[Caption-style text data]
────

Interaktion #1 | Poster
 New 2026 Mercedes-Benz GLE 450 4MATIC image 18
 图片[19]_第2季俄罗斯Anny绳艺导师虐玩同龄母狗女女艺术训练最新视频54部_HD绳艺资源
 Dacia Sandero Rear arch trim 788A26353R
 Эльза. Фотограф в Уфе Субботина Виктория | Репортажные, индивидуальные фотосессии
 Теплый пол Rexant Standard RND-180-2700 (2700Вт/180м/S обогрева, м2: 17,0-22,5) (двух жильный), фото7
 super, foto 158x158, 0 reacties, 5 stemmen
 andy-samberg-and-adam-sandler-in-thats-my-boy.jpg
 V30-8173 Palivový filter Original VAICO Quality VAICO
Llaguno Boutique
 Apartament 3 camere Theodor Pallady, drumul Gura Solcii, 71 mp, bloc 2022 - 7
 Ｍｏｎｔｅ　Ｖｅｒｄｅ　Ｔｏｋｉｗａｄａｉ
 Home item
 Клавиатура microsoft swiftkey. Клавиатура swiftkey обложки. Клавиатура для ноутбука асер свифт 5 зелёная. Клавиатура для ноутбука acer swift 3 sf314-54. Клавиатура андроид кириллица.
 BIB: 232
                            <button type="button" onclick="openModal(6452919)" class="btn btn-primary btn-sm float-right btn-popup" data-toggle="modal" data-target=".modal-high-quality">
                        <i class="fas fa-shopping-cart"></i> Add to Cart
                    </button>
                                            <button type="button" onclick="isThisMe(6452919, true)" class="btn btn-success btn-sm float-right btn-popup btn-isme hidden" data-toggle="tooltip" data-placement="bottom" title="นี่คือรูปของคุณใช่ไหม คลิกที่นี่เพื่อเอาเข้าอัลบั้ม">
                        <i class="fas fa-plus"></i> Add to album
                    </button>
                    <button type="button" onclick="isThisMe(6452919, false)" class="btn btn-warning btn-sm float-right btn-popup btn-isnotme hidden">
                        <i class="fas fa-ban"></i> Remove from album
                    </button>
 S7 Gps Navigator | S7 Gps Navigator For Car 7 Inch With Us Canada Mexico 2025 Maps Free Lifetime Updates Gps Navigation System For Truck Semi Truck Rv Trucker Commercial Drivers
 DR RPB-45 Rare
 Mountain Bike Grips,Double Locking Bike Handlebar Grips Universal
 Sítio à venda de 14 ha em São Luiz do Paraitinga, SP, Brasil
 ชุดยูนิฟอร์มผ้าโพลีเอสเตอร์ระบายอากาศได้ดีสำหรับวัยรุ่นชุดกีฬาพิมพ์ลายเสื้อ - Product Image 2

────

§ Problem description
For this exercise, output all the data exactly as shown above.

§ Answer box
Interaktion #1 | Poster
 New 2026 Mercedes-Benz GLE 450 4MATIC image 18
 图片[19]_第2季俄罗斯Anny绳艺导师虐玩同龄母狗女女艺术训练最新视频54部_HD绳艺资源
 Dacia Sandero Rear arch trim 788A26353R
 Эльза. Фотограф в Уфе Субботина Виктория | Репортажные, индивидуальные фотосессии
 Теплый пол Rexant Standard RND-180-2700 (2700Вт/180м/S обогрева, м2: 17,0-22,5) (двух жильный), фото7
 super, foto 158x158, 0 reacties, 5 stemmen
 andy-samberg-and-adam-sandler-in-thats-my-boy.jpg
 V30-8173 Palivový filter Original VAICO Quality VAICO
Llaguno Boutique
 Apartament 3 camere Theodor Pallady, drumul Gura Solcii, 71 mp, bloc 2022 - 7
 Ｍｏｎｔｅ　Ｖｅｒｄｅ　Ｔｏｋｉｗａｄａｉ
 Home item
 Клавиатура microsoft swiftkey. Клавиатура swiftkey обложки. Клавиатура для ноутбука асер свифт 5 зелёная. Клавиатура для ноутбука acer swift 3 sf314-54. Клавиатура андроид кириллица.
 BIB: 232
                            <button type="button" onclick="openModal(6452919)" class="btn btn-primary btn-sm float-right btn-popup" data-toggle="modal" data-target=".modal-high-quality">
                        <i class="fas fa-shopping-cart"></i> Add to Cart
                    </button>
                                            <button type="button" onclick="isThisMe(6452919, true)" class="btn btn-success btn-sm float-right btn-popup btn-isme hidden" data-toggle="tooltip" data-placement="bottom" title="นี่คือรูปของคุณใช่ไหม คลิกที่นี่เพื่อเอาเข้าอัลบั้ม">
                        <i class="fas fa-plus"></i> Add to album
                    </button>
                    <button type="button" onclick="isThisMe(6452919, false)" class="btn btn-warning btn-sm float-right btn-popup btn-isnotme hidden">
                        <i class="fas fa-ban"></i> Remove from album
                    </button>
 S7 Gps Navigator | S7 Gps Navigator For Car 7 Inch With Us Canada Mexico 2025 Maps Free Lifetime Updates Gps Navigation System For Truck Semi Truck Rv Trucker Commercial Drivers
 DR RPB-45 Rare
 Mountain Bike Grips,Double Locking Bike Handlebar Grips Universal
 Sítio à venda de 14 ha em São Luiz do Paraitinga, SP, Brasil
 ชุดยูนิฟอร์มผ้าโพลีเอสเตอร์ระบายอากาศได้ดีสำหรับวัยรุ่นชุดกีฬาพิมพ์ลายเสื้อ - Product Image 2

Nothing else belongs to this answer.